V. Nioré : « Si on crée une obligation d’authentification, il n’y aura plus d’avocats »

Publié le 01/02/2023

Le vice-bâtonnier de Paris, Vincent Nioré, a témoigné ce mercredi devant le tribunal correctionnel de Paris dans le procès pour complicité de tentative d’escroquerie au jugement intenté contre deux célèbres pénalistes parisiens, Me Joseph Cohen-Sabban et Xavier Nogueras. Il a mis en garde : « si on crée une obligation d’authentification, il n’y aura plus d’avocat, c’est la mort de la profession ».

V. Nioré : "Si on crée une obligation d’authentification, il n'y aura plus d'avocats"
Dans son box vitré l’accusé, considéré comme dangereux, est entouré de quatre policiers cagoulés (Photo : O.Dufour)

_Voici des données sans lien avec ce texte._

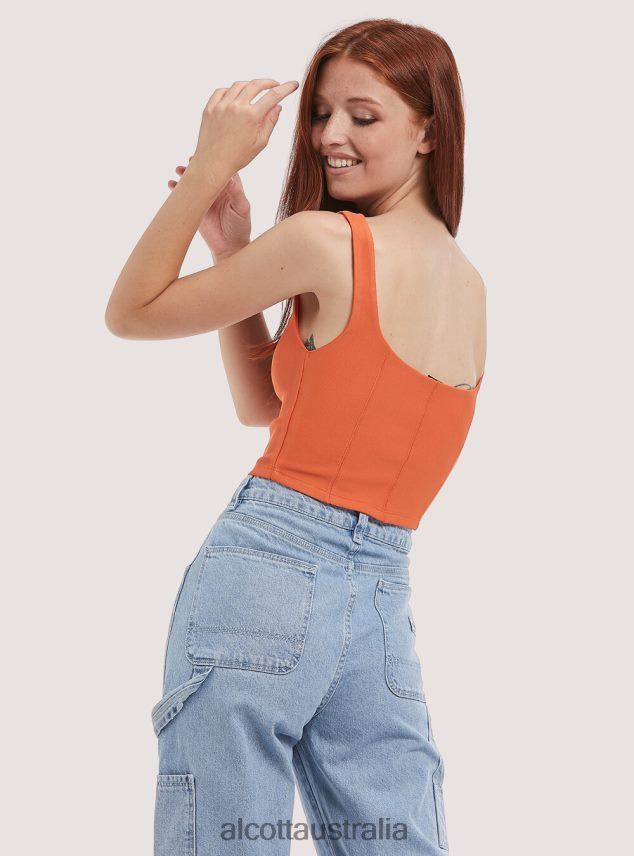 Top Cropped Bustier Women 2TH442126 KY1 KAKY DARK Alcott Clothing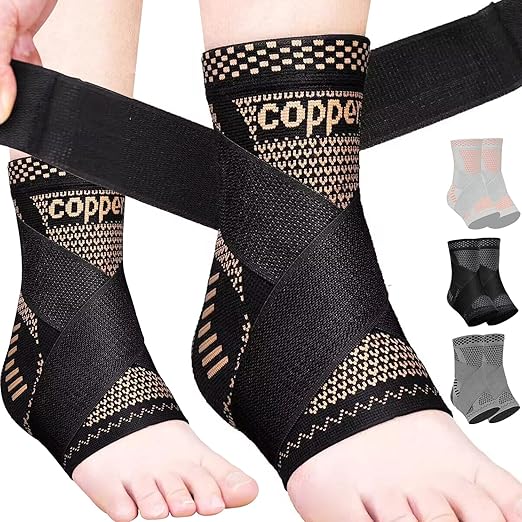 JIUFENTIAN Copper Ankle Brace Adjustable Compression Sleeve (Pair)-Ankle Support Heel Brace for Achilles Tendonitis, Plantar Fasciitis-Eases Swelling and Sprained Ankle(Large)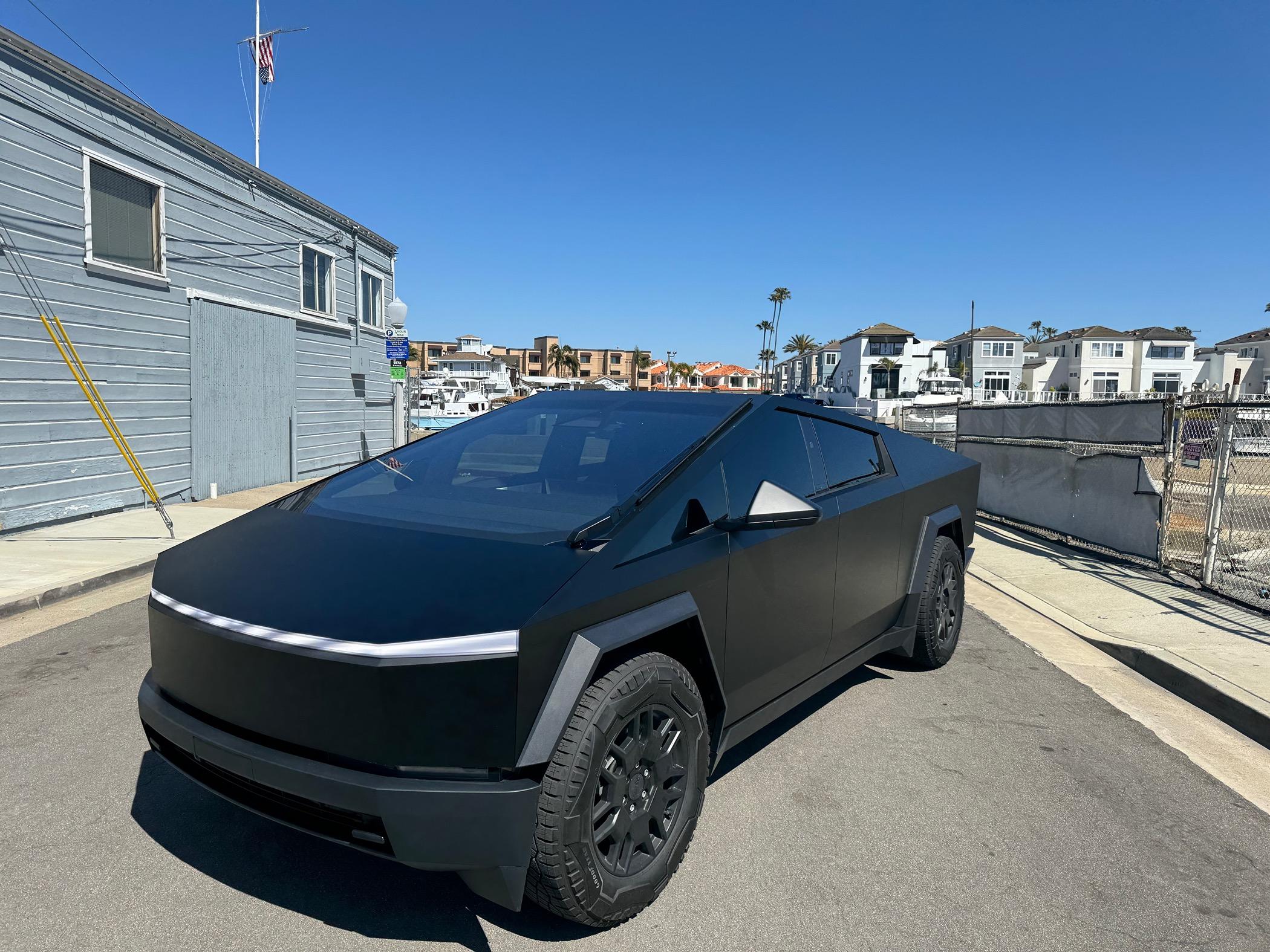 Tesla Cybertruck My Satin Black PPF wrap from T Sportline IMG_0274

Si la culpabilité des prévenus en matière pénale était corrélée à la longueur de l’ordonnance de renvoi (116 pages) ou encore au nombre de jours d’audience (3 semaines), alors on ne donnerait pas cher de l’avenir judiciaire de Me Joseph Cohen-Sabban et Xavier Nogueras. Tel n’est pas le cas évidemment, mais comment ne pas s’interroger sur le sens qu’on a pu vouloir donner à l’importance des moyens d’enquête déployés dans ce dossier ainsi qu’au temps d’audience programmé alors même qu’un procès terroriste vient d’être renvoyé pour manque de juges ?  Tout ça parce qu’un faux jugement espagnol a été produit dans un important dossier de stupéfiants (1 tonne de cocaïne) aux assises en 2018. Offensée, la justice a décidé de poursuivre non seulement le principal accusé et son homme de main, mais aussi – et c’est inédit -, deux de leurs avocats.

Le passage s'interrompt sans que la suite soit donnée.